Required action: Make an exact copy of all the records that follow, apart from the pictures.

Source records section start

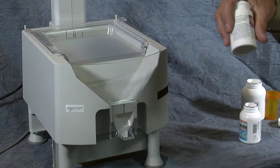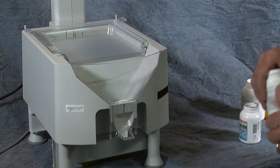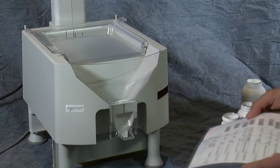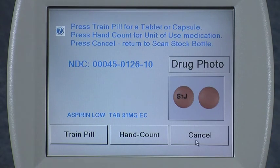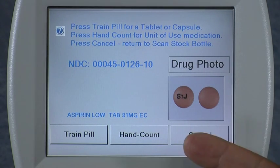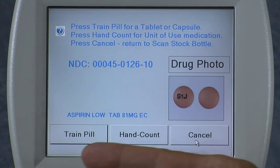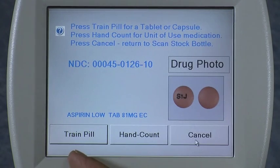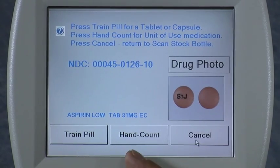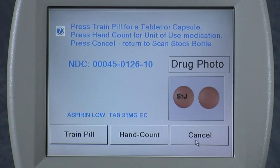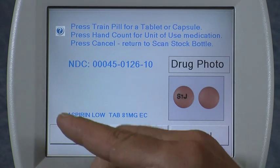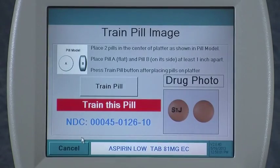Here, in this count-only mode, I'm simply going to scan my stock bottle, and in this case it comes up and says: train pill or hand count. So it needs to know — is this a countable item, a pill that we can count on the ICON, or is it something like a syrup, syringe, ointment, or cream? If it's one of those, you press hand count. If it's an actual pill, you press train pill.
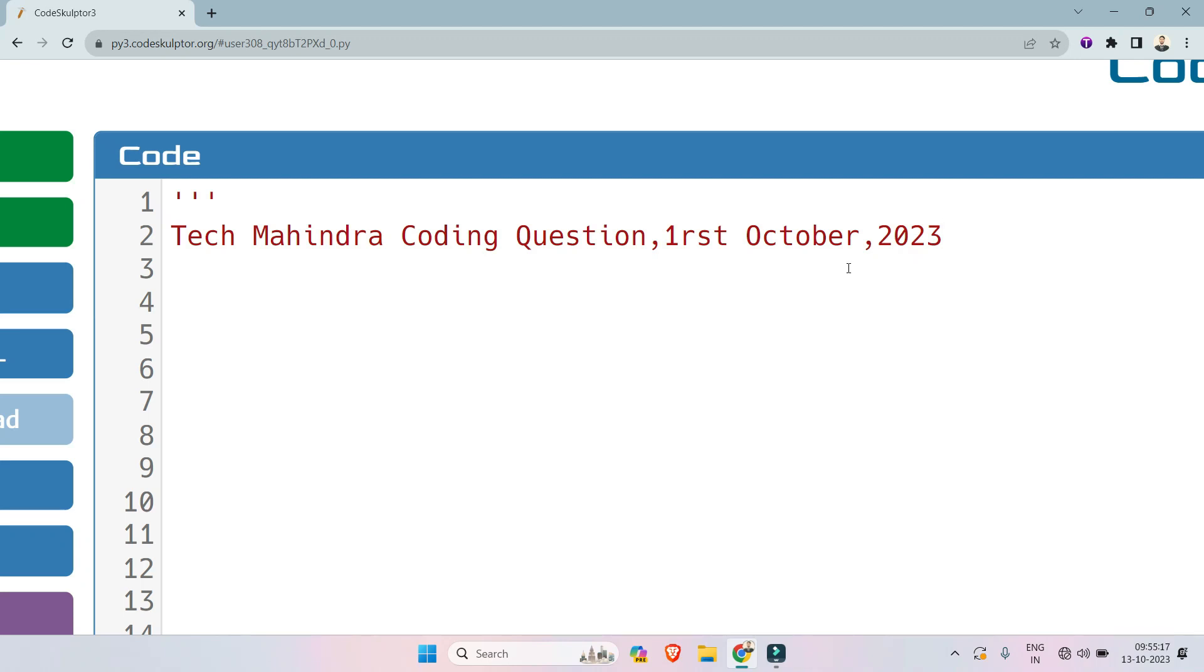Hello my dear family members, today I have something special to give you: the coding questions from Tech Mahindra that were asked on first October, latest drive. If you are preparing for Tech Mahindra, you can't miss this video because we are breaking down all their latest coding questions to help you ace your exam. So subscribe this and share this channel with your friends and get the job together.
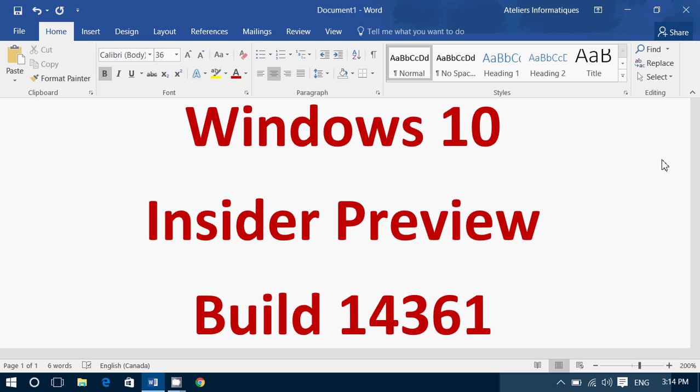Windows 10 Insider Preview Build 14361 is now available for download. So check it out.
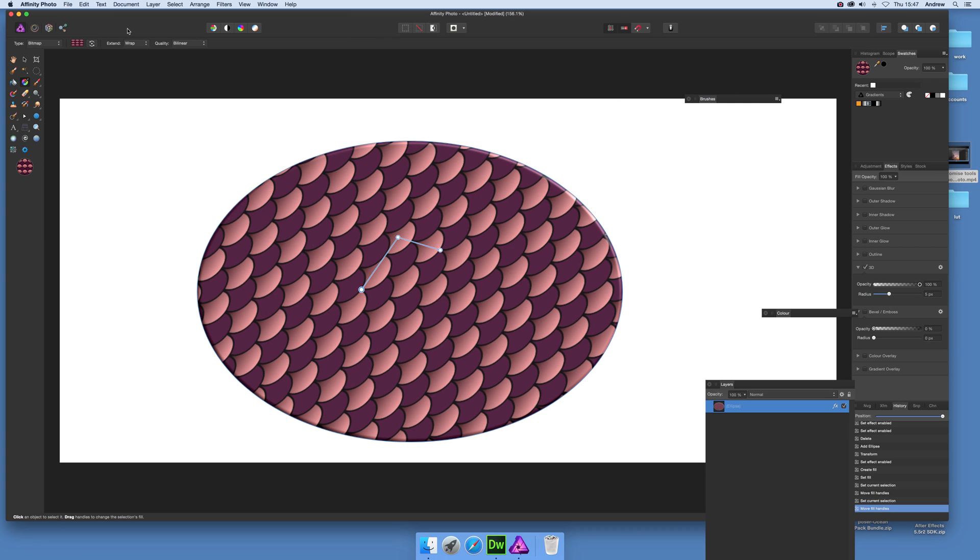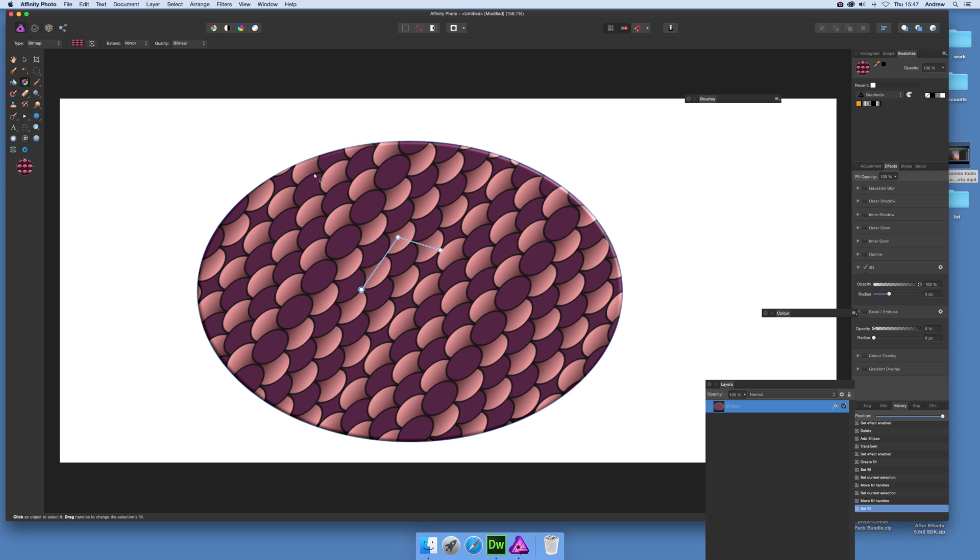And there's a number of options. You've got extend, you've got wrap, you can actually use mirror. It's quite nice. You get a nice sort of mirror effect. It alternates that across there. And there's a few other settings.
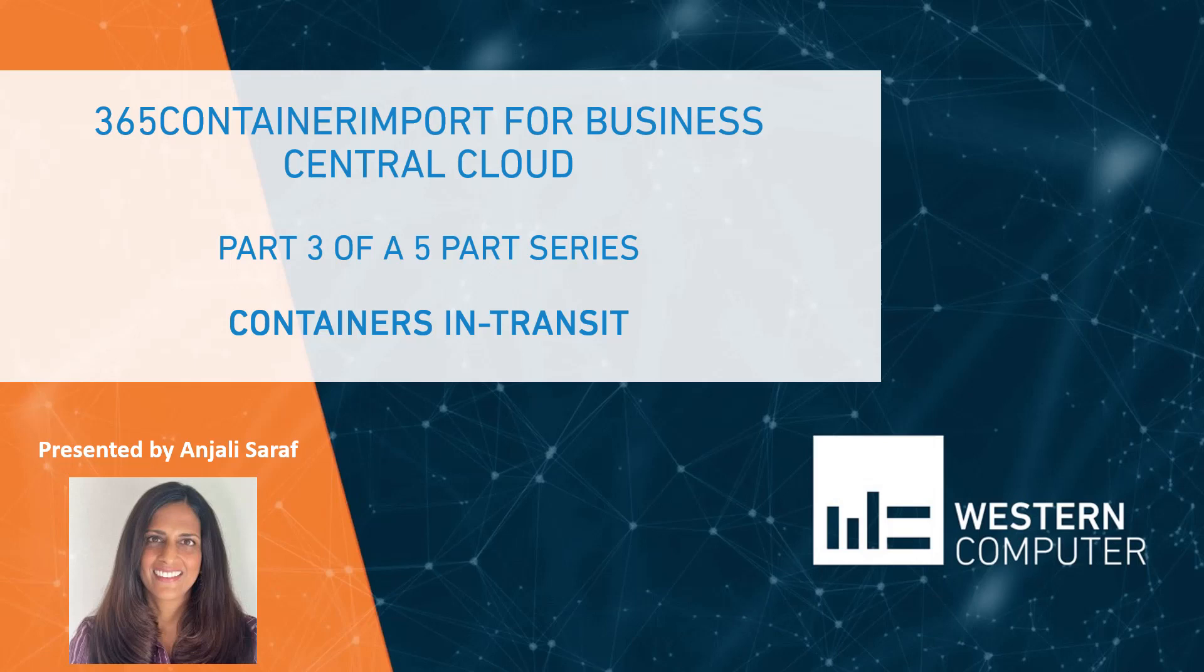Hello everyone, thank you for joining today. I'm really excited to be sharing with you one of my favorite add-ons that Western Computer has developed, the container import product.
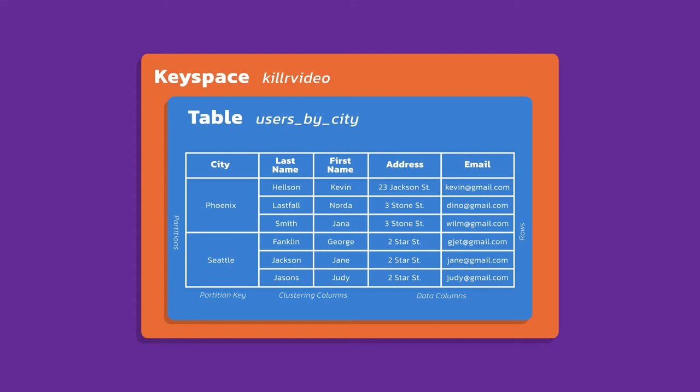Now notice how both Phoenix and Seattle have multiple rows of data. What we've done here is we set what's called a clustering column. You can use clustering columns for order or uniqueness because it's important that your primary key uniquely identifies a row. With ordering in a clustering column, take a look at last name. Notice how last name in Phoenix is Helson, Lastfall and Smith. Clustering columns, by their nature, what they'll do is as data is being written into the database, the data is going to be naturally ordered for those types that fit this kind of thing. In a case of a text field, it's alphanumeric. So H comes before L, comes before S and so on. That's automatically happening. It's actually stored that way on disk.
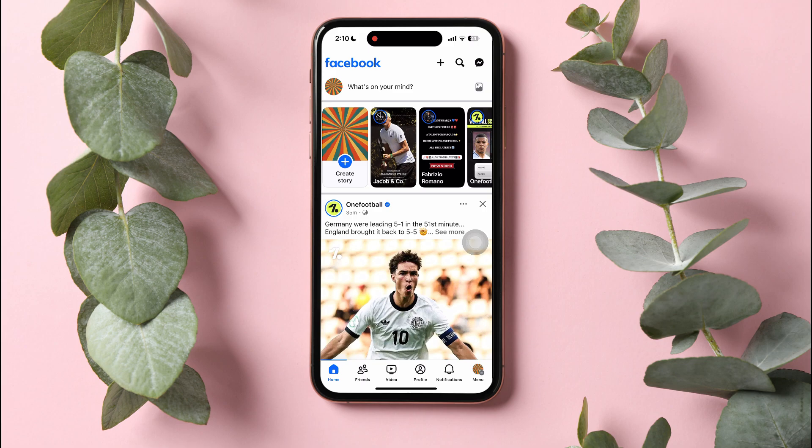Here, you can view posts from your friends and pages that you follow. On this page, go to the bottom panel and tap on Menu.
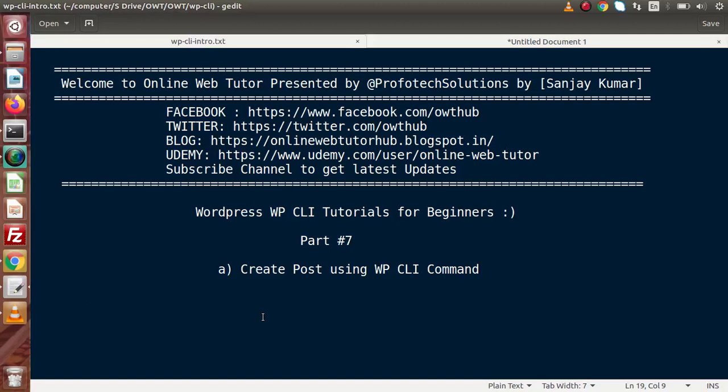Hello guys, welcome to Online Web Tutor presented by Profitech Sessions Team. I am Sanjay. We are learning WordPress WP CLI tutorials for beginners. This is part number seven. Inside this session we will discuss how to create a post using WP CLI commands. In the previous video we had seen how to list our posts as well as post type equal to page by using WP query.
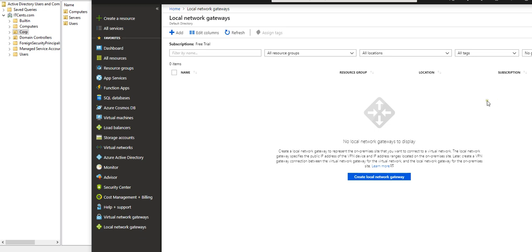Now it's time to create a local network gateway. Local network gateway means the gateway which is on the on-premise network. Here you're creating a definition of an on-premise gateway — you're letting the Azure network know about your local network gateway.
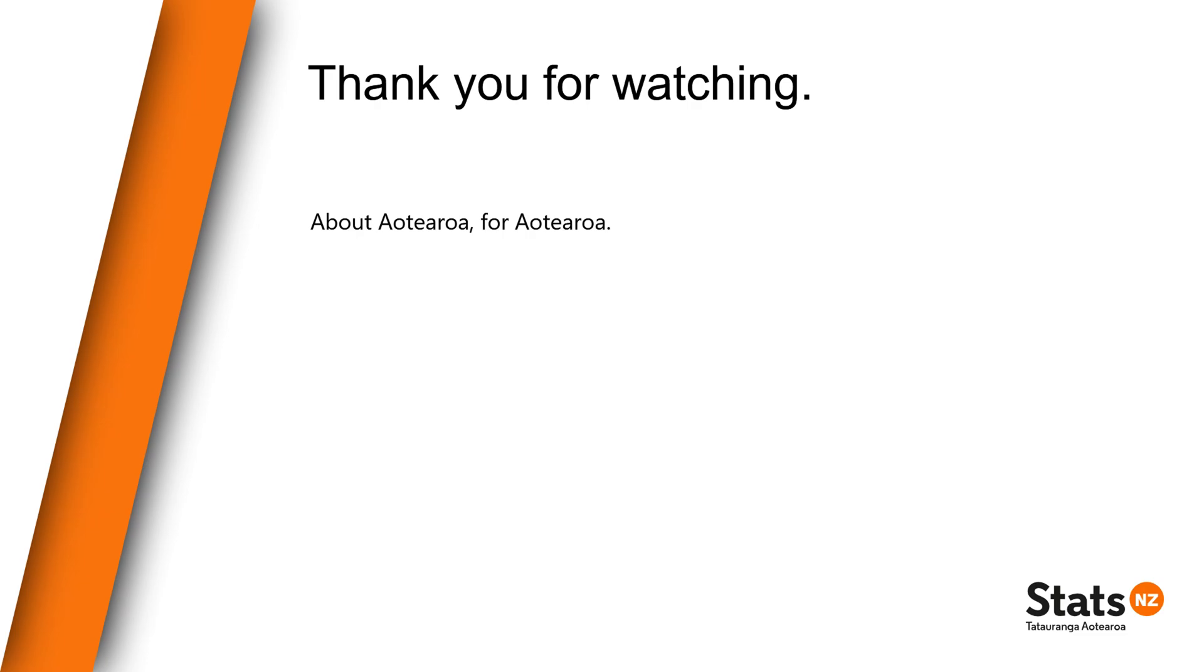We hope you enjoyed this video on how to use the customer segmentation pop-up. Thank you for watching.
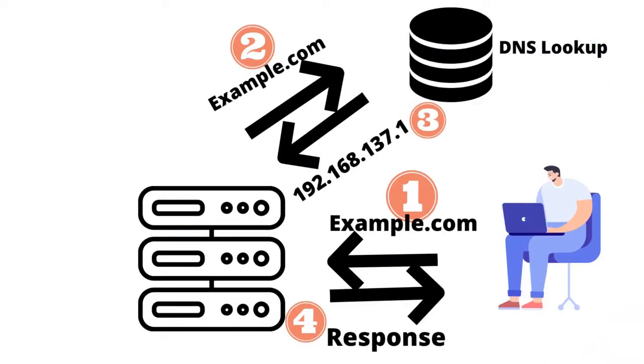This database searches its records for the IP address of the website in question and sends it to the requesting server. After receiving this data, the requesting server uses the IP address to locate the requested website and display it to the user.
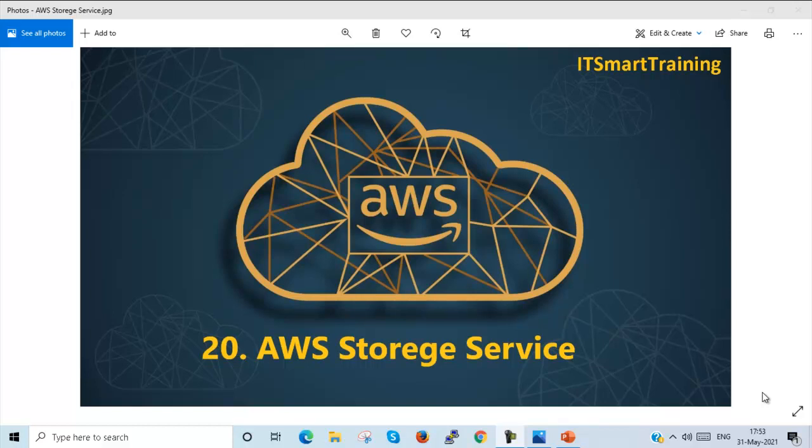Welcome to my channel IT Smart Training. Today we are going to learn AWS Storage Service. If my video is informative, please like the video and subscribe my channel.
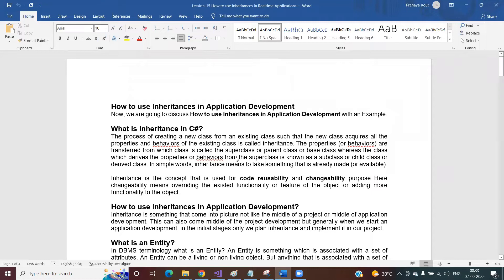We are going to discuss how to use inheritance in application development. When you develop a real kind of application, how do you need to think, design, and use inheritance. The process of creating a new class from an existing class such that the new class acquires all the properties and behaviors — properties means data members, behavior means member functions — of the existing class is called inheritance. The class from which properties are transferred is called superclass, parent class, or base class, while the class that derives them is called subclass, child class, or derived class.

Source records section end

Reply:
Here, in this count-only mode, I'm simply going to scan my stock bottle, and in this case it comes up and says: train pill or hand count. So it needs to know — is this a countable item, a pill that we can count on the ICON, or is it something like a syrup, syringe, ointment, or cream? If it's one of those, you press hand count. If it's an actual pill, you press train pill.
Hello my dear family members, today I have something special to give you: the coding questions from Tech Mahindra that were asked on first October, latest drive. If you are preparing for Tech Mahindra, you can't miss this video because we are breaking down all their latest coding questions to help you ace your exam. So subscribe this and share this channel with your friends and get the job together.
Windows 10 Insider Preview Build 14361 is now available for download. So check it out.
And there's a number of options. You've got extend, you've got wrap, you can actually use mirror. It's quite nice. You get a nice sort of mirror effect. It alternates that across there. And there's a few other settings.
Hello everyone, thank you for joining today. I'm really excited to be sharing with you one of my favorite add-ons that Western Computer has developed, the container import product.
Now notice how both Phoenix and Seattle have multiple rows of data. What we've done here is we set what's called a clustering column. You can use clustering columns for order or uniqueness because it's important that your primary key uniquely identifies a row. With ordering in a clustering column, take a look at last name. Notice how last name in Phoenix is Helson, Lastfall and Smith. Clustering columns, by their nature, what they'll do is as data is being written into the database, the data is going to be naturally ordered for those types that fit this kind of thing. In a case of a text field, it's alphanumeric. So H comes before L, comes before S and so on. That's automatically happening. It's actually stored that way on disk.
Here, you can view posts from your friends and pages that you follow. On this page, go to the bottom panel and tap on Menu.
Hello guys, welcome to Online Web Tutor presented by Profitech Sessions Team. I am Sanjay. We are learning WordPress WP CLI tutorials for beginners. This is part number seven. Inside this session we will discuss how to create a post using WP CLI commands. In the previous video we had seen how to list our posts as well as post type equal to page by using WP query.
Now it's time to create a local network gateway. Local network gateway means the gateway which is on the on-premise network. Here you're creating a definition of an on-premise gateway — you're letting the Azure network know about your local network gateway.
We hope you enjoyed this video on how to use the customer segmentation pop-up. Thank you for watching.
This database searches its records for the IP address of the website in question and sends it to the requesting server. After receiving this data, the requesting server uses the IP address to locate the requested website and display it to the user.
Welcome to my channel IT Smart Training. Today we are going to learn AWS Storage Service. If my video is informative, please like the video and subscribe my channel.
We are going to discuss how to use inheritance in application development. When you develop a real kind of application, how do you need to think, design, and use inheritance. The process of creating a new class from an existing class such that the new class acquires all the properties and behaviors — properties means data members, behavior means member functions — of the existing class is called inheritance. The class from which properties are transferred is called superclass, parent class, or base class, while the class that derives them is called subclass, child class, or derived class.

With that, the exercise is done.